AVAILABLE RECORDS Block Start

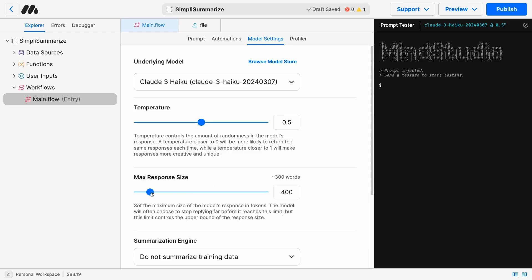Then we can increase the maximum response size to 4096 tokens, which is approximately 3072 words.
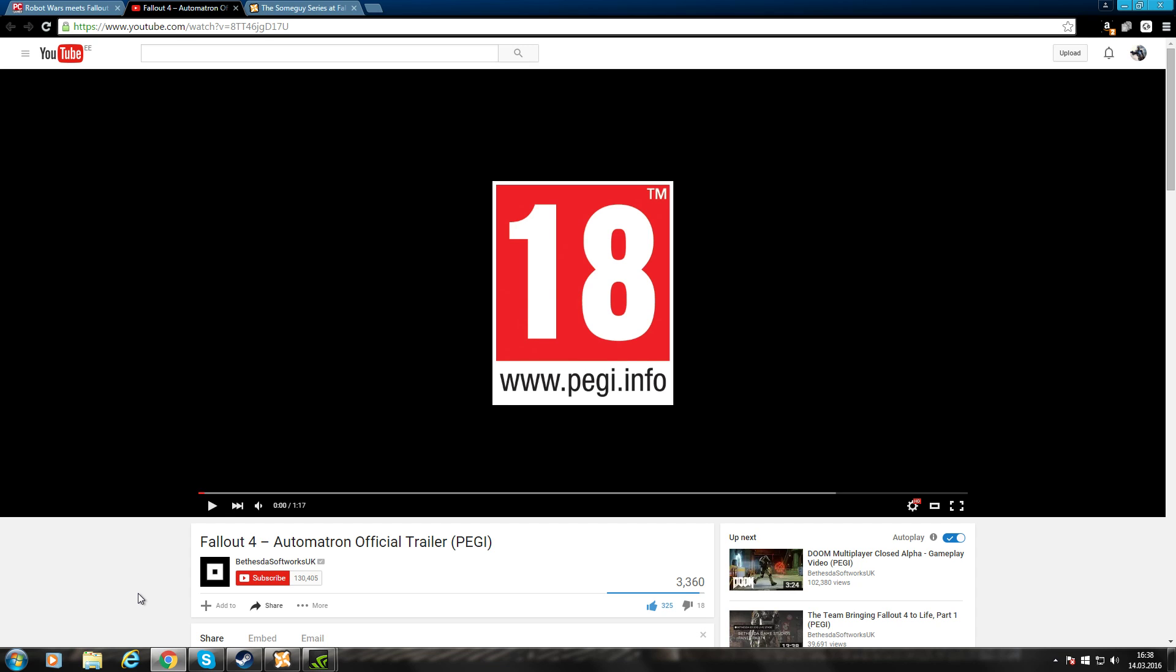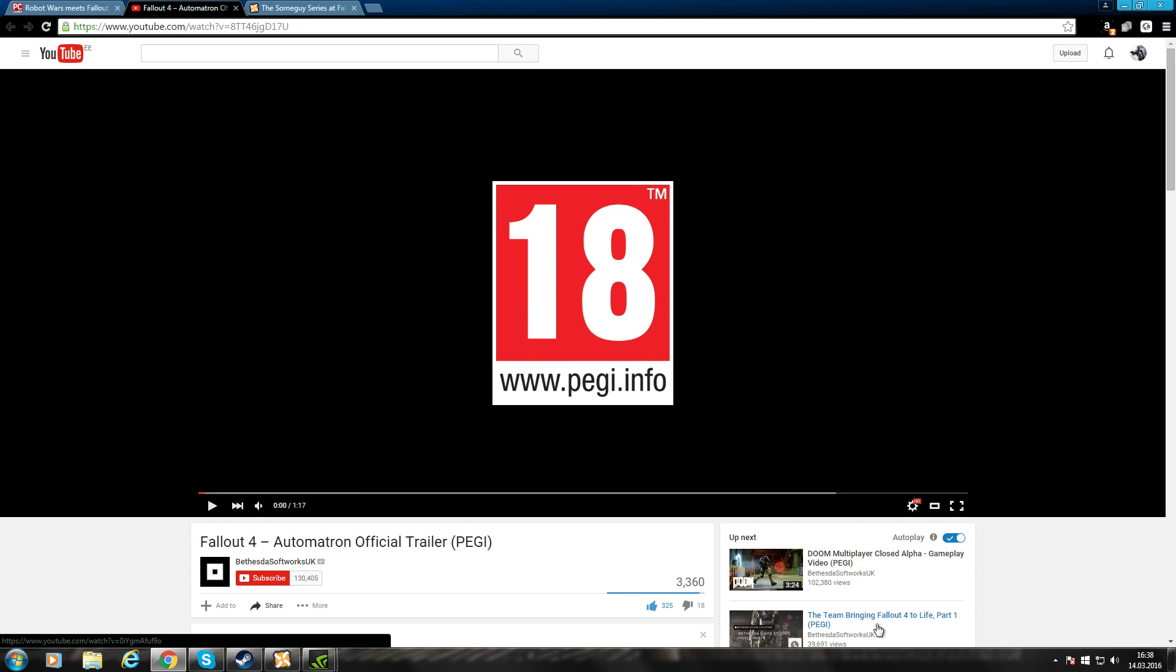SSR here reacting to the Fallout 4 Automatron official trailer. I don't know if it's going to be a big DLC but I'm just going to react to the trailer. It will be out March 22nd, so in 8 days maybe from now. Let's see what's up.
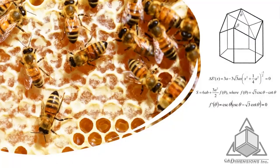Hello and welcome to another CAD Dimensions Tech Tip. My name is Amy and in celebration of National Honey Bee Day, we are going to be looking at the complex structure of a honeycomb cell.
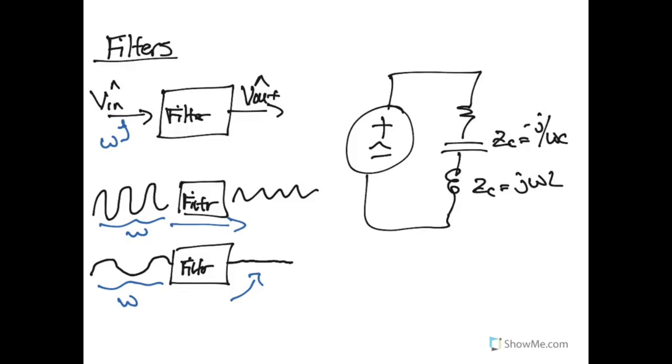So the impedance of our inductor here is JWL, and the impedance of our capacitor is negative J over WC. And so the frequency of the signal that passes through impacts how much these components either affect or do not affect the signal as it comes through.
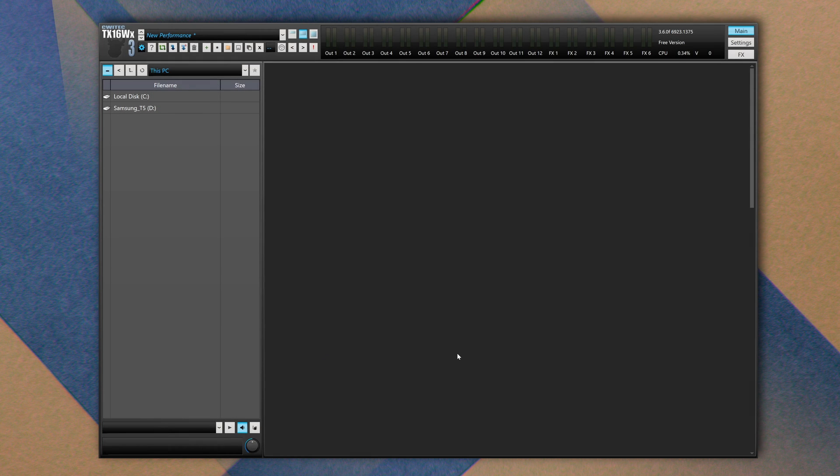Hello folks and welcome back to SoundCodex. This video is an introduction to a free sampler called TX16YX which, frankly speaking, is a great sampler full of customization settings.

AVAILABLE RECORDS Block End
AVAILABLE RECORDS Block Start

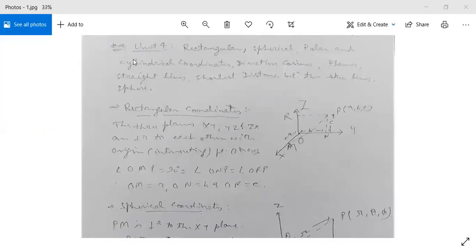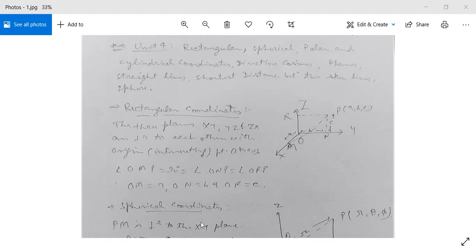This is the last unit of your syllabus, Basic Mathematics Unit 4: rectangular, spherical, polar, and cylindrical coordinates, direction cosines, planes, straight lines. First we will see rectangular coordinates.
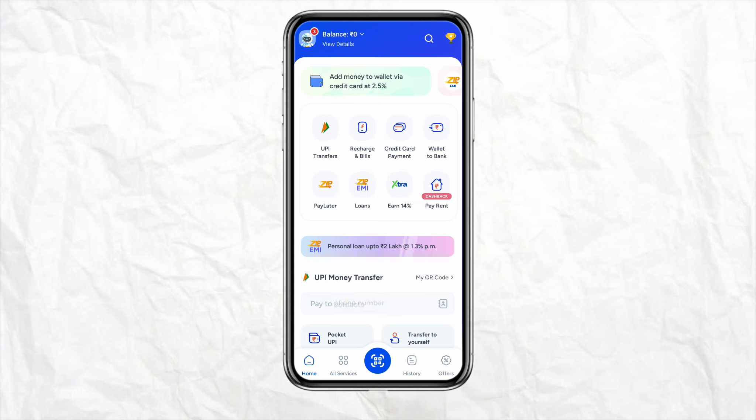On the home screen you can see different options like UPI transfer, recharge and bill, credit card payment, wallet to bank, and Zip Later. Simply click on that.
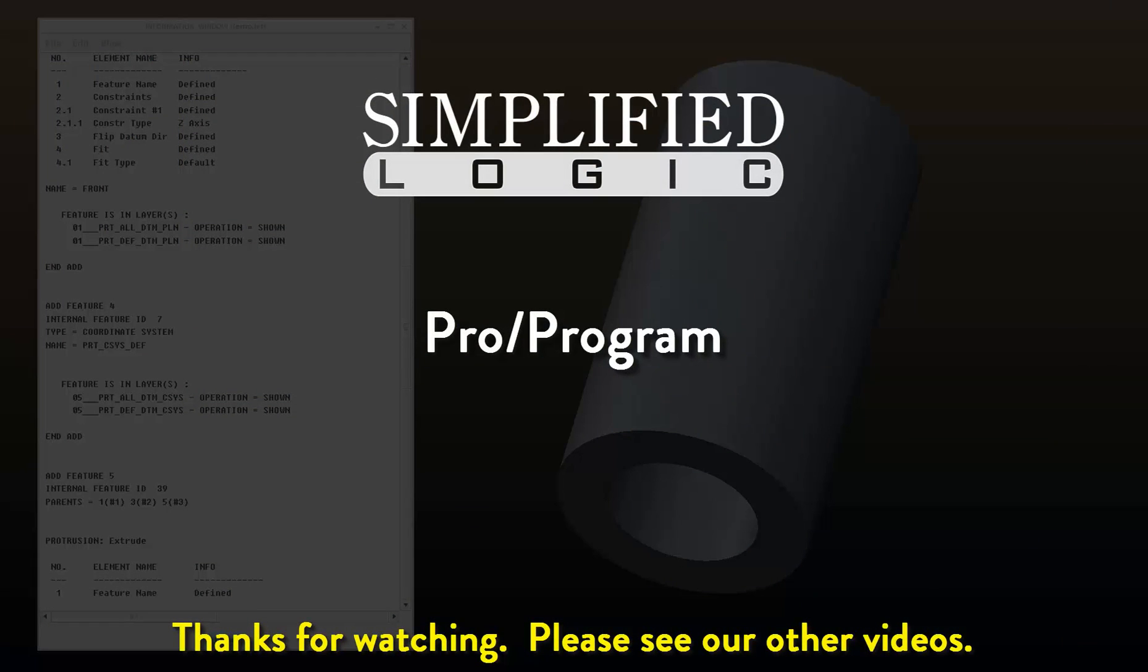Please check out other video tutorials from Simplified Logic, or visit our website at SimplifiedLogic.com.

AVAILABLE RECORDS Block End
AVAILABLE RECORDS Block Start

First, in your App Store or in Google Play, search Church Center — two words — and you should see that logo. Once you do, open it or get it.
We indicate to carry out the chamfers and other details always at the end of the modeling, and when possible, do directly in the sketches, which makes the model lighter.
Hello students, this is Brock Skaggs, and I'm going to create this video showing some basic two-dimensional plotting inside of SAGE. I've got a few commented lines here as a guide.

AVAILABLE RECORDS Block End

== EXERCISE BRIEF ==
Copy exactly the stretch of data above from the line with "First, in your" through the line with "Hello students, this", and omit all other lines.

== RESPONSE BOX ==
First, in your App Store or in Google Play, search Church Center — two words — and you should see that logo. Once you do, open it or get it.
We indicate to carry out the chamfers and other details always at the end of the modeling, and when possible, do directly in the sketches, which makes the model lighter.
Hello students, this is Brock Skaggs, and I'm going to create this video showing some basic two-dimensional plotting inside of SAGE. I've got a few commented lines here as a guide.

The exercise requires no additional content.